ACTIVITY — Every line between the one containing "6' x 4' Black" and the last line of the data, both included, is to be set down exactly, and pictures are to be omitted.

RECORDED INFORMATION —
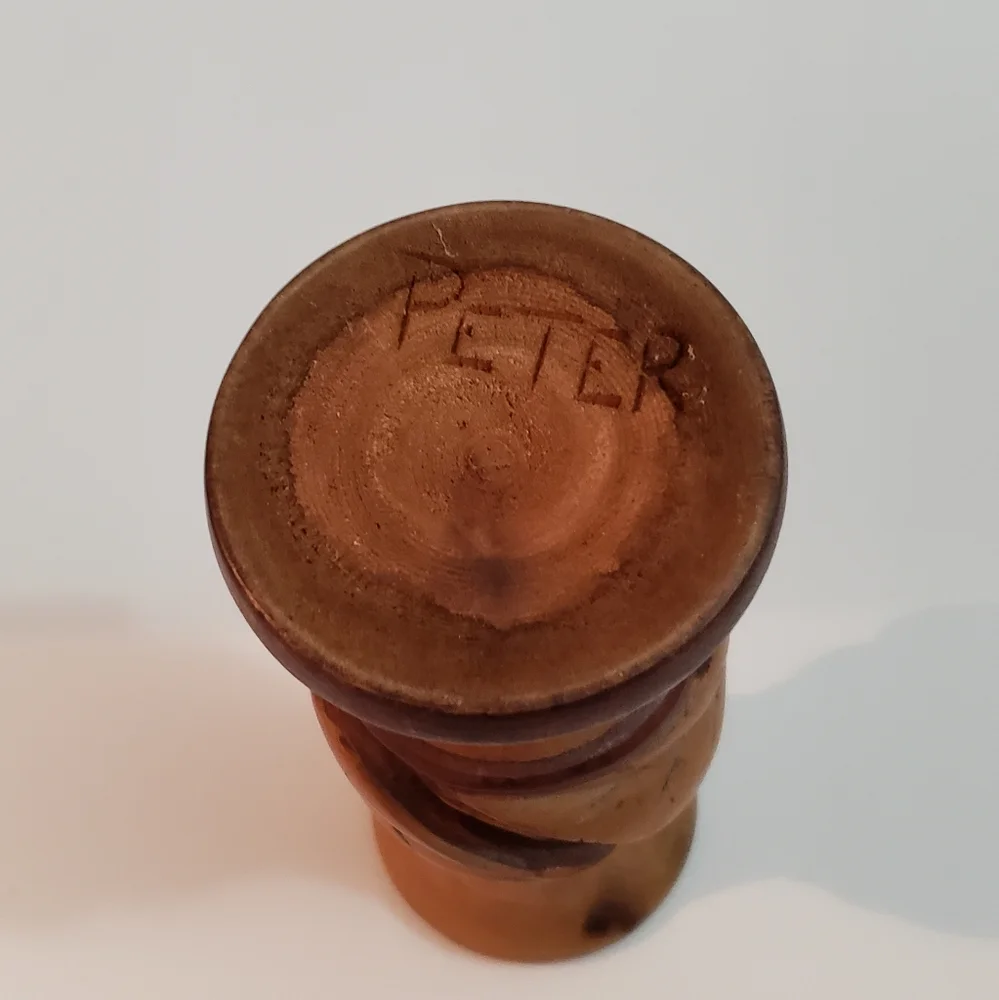 Hand Carved Wooden Vase Folk Art Boho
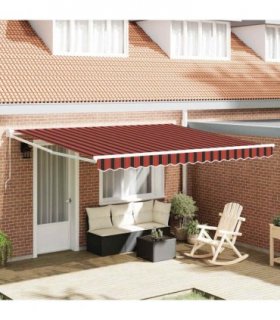 vidaXL Awning Manual Red and Black 350 x 250 x 165 cm Polyester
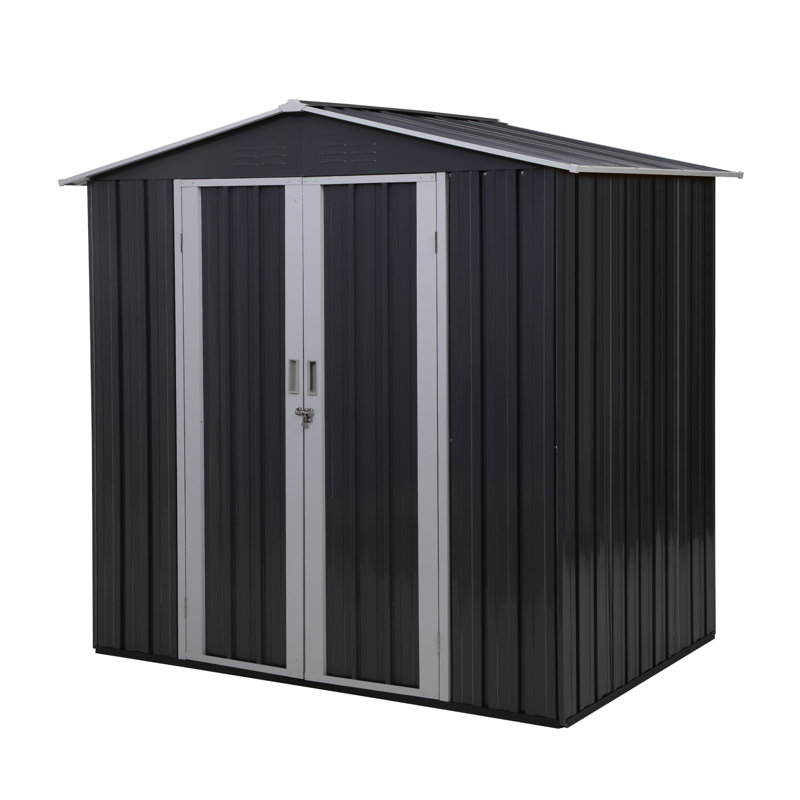 6' x 4' Black Steel Outdoor Storage Shed with Double Doors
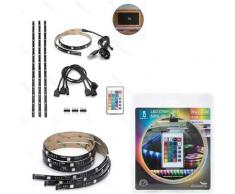 KIT TV STRISCIA STRIP LED USB RGB PER RETROILLUMINAZIONE TV 4x50cm 2MT SMD-5050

WRITTEN SOLUTION —
 6' x 4' Black Steel Outdoor Storage Shed with Double Doors
 KIT TV STRISCIA STRIP LED USB RGB PER RETROILLUMINAZIONE TV 4x50cm 2MT SMD-5050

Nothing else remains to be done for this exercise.